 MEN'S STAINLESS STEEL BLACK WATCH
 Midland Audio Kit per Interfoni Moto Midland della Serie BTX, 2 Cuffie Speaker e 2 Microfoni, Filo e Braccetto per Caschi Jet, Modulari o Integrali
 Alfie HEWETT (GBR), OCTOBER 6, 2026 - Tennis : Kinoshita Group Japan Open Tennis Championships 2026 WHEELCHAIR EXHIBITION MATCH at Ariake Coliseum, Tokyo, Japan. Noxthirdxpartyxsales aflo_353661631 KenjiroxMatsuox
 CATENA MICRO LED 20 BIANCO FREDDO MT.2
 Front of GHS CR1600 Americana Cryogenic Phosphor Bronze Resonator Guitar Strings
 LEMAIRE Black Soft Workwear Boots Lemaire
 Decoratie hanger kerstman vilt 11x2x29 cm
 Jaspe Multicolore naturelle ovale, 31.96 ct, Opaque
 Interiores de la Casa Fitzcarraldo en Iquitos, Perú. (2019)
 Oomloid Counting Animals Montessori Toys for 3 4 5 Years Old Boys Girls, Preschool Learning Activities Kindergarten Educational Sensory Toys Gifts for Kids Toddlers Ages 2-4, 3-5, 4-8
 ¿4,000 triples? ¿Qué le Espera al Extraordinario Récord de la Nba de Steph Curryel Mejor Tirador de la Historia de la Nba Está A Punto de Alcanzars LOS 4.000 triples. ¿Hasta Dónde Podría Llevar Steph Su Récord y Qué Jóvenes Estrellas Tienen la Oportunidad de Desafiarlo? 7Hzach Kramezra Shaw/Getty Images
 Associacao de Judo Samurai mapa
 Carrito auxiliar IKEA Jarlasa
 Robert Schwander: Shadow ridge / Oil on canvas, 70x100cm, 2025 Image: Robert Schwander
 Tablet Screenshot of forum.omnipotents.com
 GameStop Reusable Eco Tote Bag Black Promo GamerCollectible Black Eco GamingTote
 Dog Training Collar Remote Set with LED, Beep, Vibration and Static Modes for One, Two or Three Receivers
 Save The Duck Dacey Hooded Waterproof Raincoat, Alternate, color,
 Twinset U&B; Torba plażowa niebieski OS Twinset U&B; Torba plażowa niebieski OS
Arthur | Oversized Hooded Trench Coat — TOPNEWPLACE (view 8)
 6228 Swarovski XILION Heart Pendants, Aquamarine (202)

◆ ◆ ◆

Take each line in the listing that has the word "Hooded" and copy it.

 Save The Duck Dacey Hooded Waterproof Raincoat, Alternate, color,
Arthur | Oversized Hooded Trench Coat — TOPNEWPLACE (view 8)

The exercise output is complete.